With innovations in computational power, there has been an increase in algorithms that are much smarter than before. Under such circumstances, the pressure to tackle P versus NP problem, is considerably increasing. Moreover, this P versus NP problem is invading all fields of science as just not a theoretical question but as a basic principle. Author of the article surmises herein, the simple description of the issue and the change in working direction related to computer science attained because of efforts to solve this question.
P versus NP problem actually computes combinational issues. Jack Edmonds, first in the history, provided a program that can help in developing a program to solve combination problem, and formally defined it as ‘efficient computation’. P in this problem stands for ‘Polynomial Time’ and defines problem class which has efficient solution. Likewise, NP in this problem stands for ‘Nondeterministic Polynomial-Time’ and refers to the problems that have solutions that can be verified in an efficient manner. Furthermore, author describes that extremely complicated NP problems are termed as ‘NP-complete’ problems.

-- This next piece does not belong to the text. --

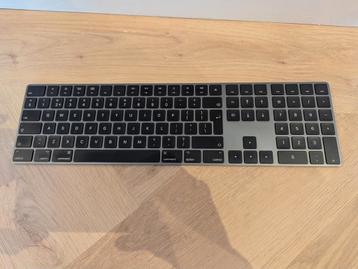 Apple Magic Keyboard Space Grey met numpad beschikbaar voor biedingen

Examples of such problems are Clique, Partition and triangles, 3D-coloring and Hamiltonian cycle. Basically, the idea promoted by NP-complete asserts that if an efficient algorithm can be developed for one problem, it can also be developed for other complicated problems too. Thus to simplify, P defines the type or the category of the problem that comes with efficient solution whereas, NP defines a group of problems, each of which has an efficient recognizable solution. By saying P = NP, we mean to say that for any problem that has an efficient verifiable solution, we can efficiently identify that solution. However, there are many scientists who believed that P ≠ NP and defined it as inability to find the solution efficiently.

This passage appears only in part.